If you want to know more about Julia syntax and the `map` function, check our Julia Syntax tutorial.

Now we are ready to simulate things with `simobs`. However, before we do that, let’s explain what a random number generator is.

## 1 Random Number Generator

A random number generator (RNG) is a function that generates a sequence of numbers that is not predictable. These numbers are called random numbers.

In Pumas, a number of functions use random number generators under the hood. Most notably the `simobs` function.

Pumas functions that use random number generators

This a non-exhaustive list of Pumas functions that use random number generators:

• `simobs`
• `inspect` when NPDEs are calculated with the `nsim` keyword argument
• `fit` when using any Bayesian or SAEM estimation method
• `infer` when using `Bootstrap` or `SIR` methods
• any Pumas Bayesian cross-validation method
• `vpc`

At first glance, it may appear that computers can generate random numbers spontaneously. However, it’s crucial to understand that computers, by their very nature, are deterministic machines. This means that their operations can be predicted and replicated given the same initial conditions and inputs.

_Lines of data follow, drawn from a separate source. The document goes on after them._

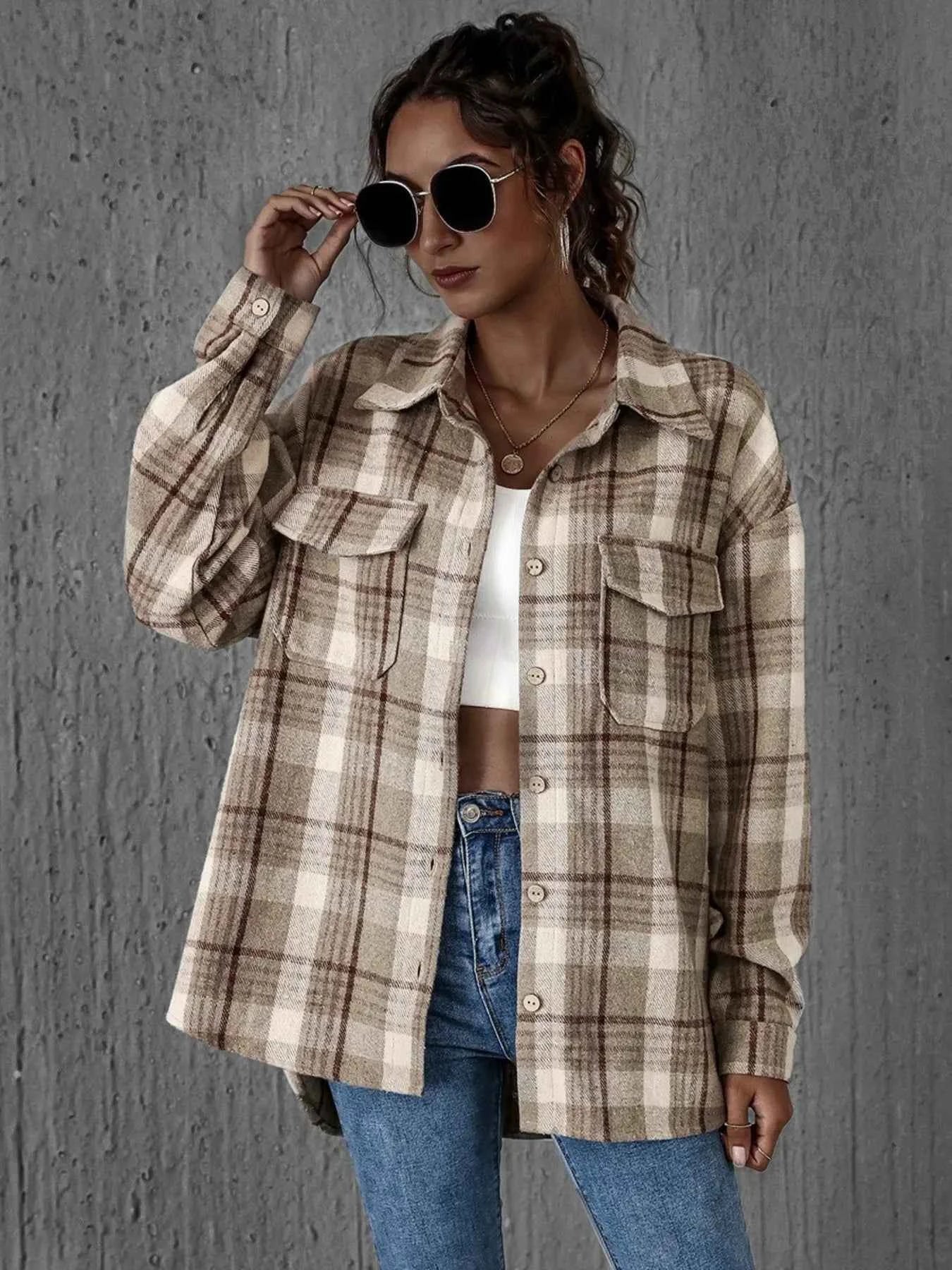Plaid Button-Up Long Sleeve Shirt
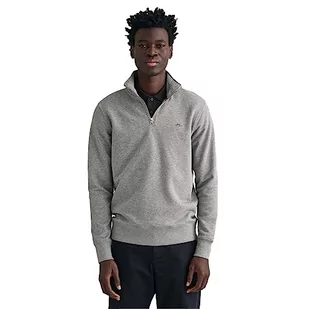GANT Męska bluza REG Shield Full Zip Sweat, szary melanż, standardowa, szary melanż - Bluzy męskie - miniaturka - grafika 1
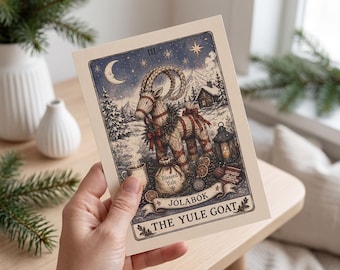 Scandinavian Christmas Cards Yule Goat Personalized Nordic Holiday Card Folklore Christmas Yule Solstice Greeting Cards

In the context of generating random numbers, computers employ what are known as Pseudo-Random Number Generators (PRNGs). PRNGs are algorithms that use mathematical formulas or pre-calculated tables to produce sequences of numbers that mimic the properties of truly random numbers. The key characteristic of a PRNG is that it starts with an initial value, known as a “seed”. Given the same seed, a PRNG will always generate the same sequence of numbers.

This predictability, rather than being a limitation, is extremely useful for applications requiring reproducibility, such as simulations in scientific research. By using the same seed, researchers can generate the same sequence of ‘random’ numbers, ensuring that experiments can be replicated and verified by others. Thus, while the numbers generated by a PRNG may not be truly random in a mathematical sense, they provide a valuable tool for scientific and other applications where reproducibility is essential.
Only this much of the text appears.